If I liked CSX at ~17x earnings, then I obviously like the stock even more here in the ~16x range. I think the market has overreacted to the downside and as I said before, I’d be happy to add to my CSX position into further weakness. I think at this point in time most would agree that the market overreacted to the Fed news late last year, ultimately leading to the Christmas Eve sell-off. The market shot back up in a quick V-shaped pattern after that dip and shares of many companies haven’t come close to those lows since. Well, as you can see on the F.A.S.T. Graph below, CSX’s current valuation has fallen below that Christmas Eve multiple. To me, this doesn’t make sense and this is precisely why CSX is sitting near the top of my current watch list.

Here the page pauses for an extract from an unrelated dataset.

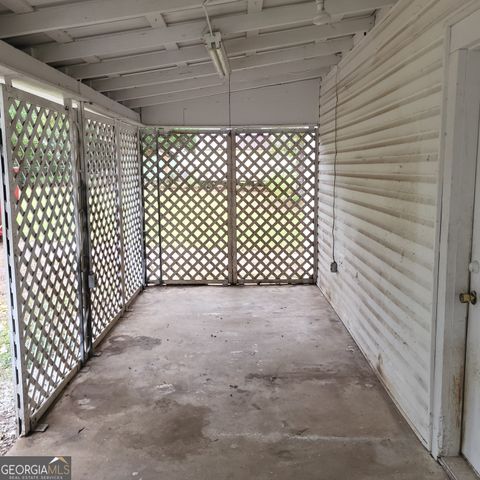 609 S 11TH Avenue, Lanett, AL 36863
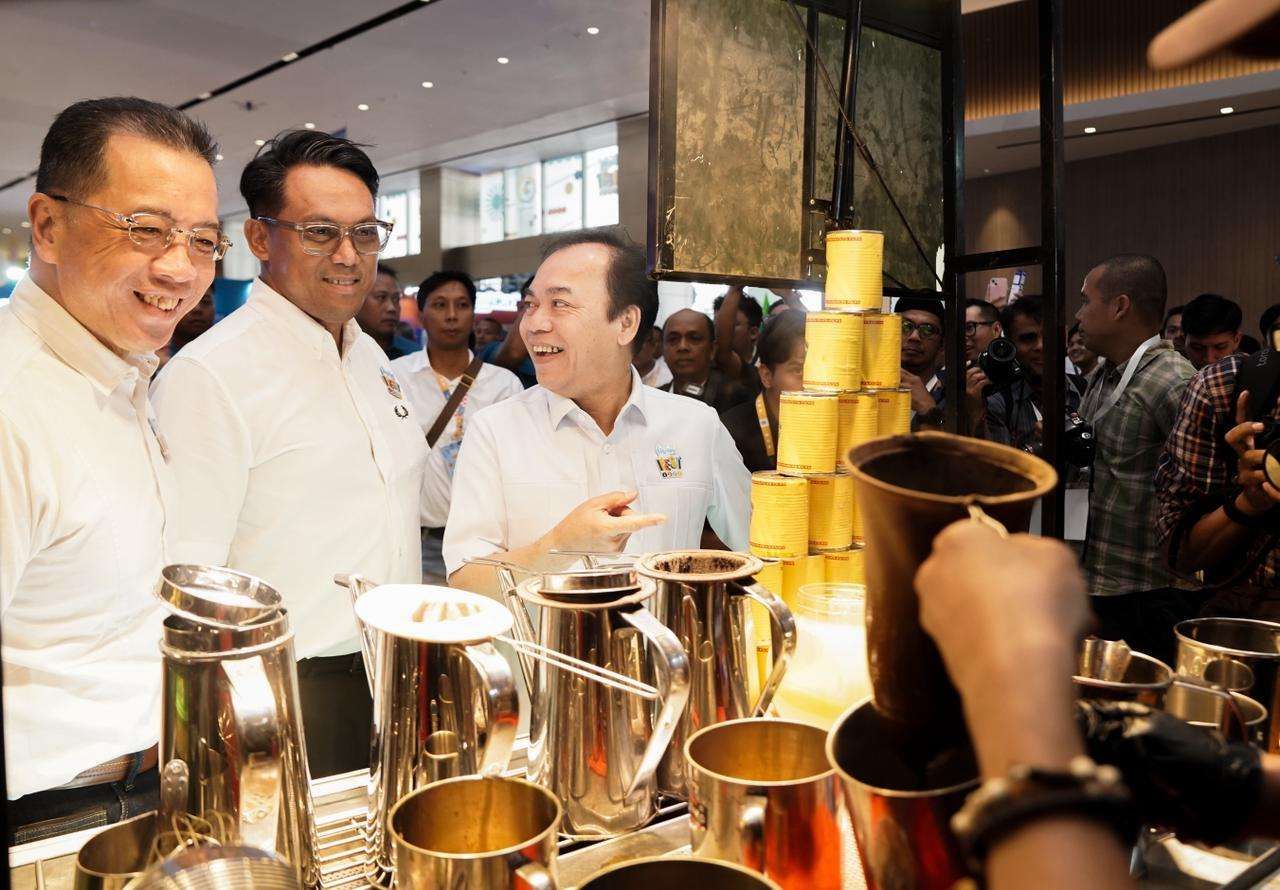 Bank Mandiri membuka Livin’ Fest 2025 di Nusantara International Convention Exhibition (NICE) PIK 2, Tangerang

I generally like to average down into positions in negative 10% intervals. With that in mind, I’m looking to buy CSX shares in the ~$64 range next and then again in the ~$58 range, should they fall that far. CSX has nearly fallen to that -10% threshold and I may well make a purchase in the coming days. I always build positions slowly and this is exactly why. My initial purchase was a 1/3 position, meaning that for me to fill out my CSX position in the short term, the shares would have had to fall another ~20%. I do this as a hedge against my own infallibility. Rather than dive headfirst into trades, I like to spread out my risk along the time horizon. Leaving myself this option means that I’m not even upset when I see CSX shares trading down in the short term because I would like to add more exposure to this high quality DGI name.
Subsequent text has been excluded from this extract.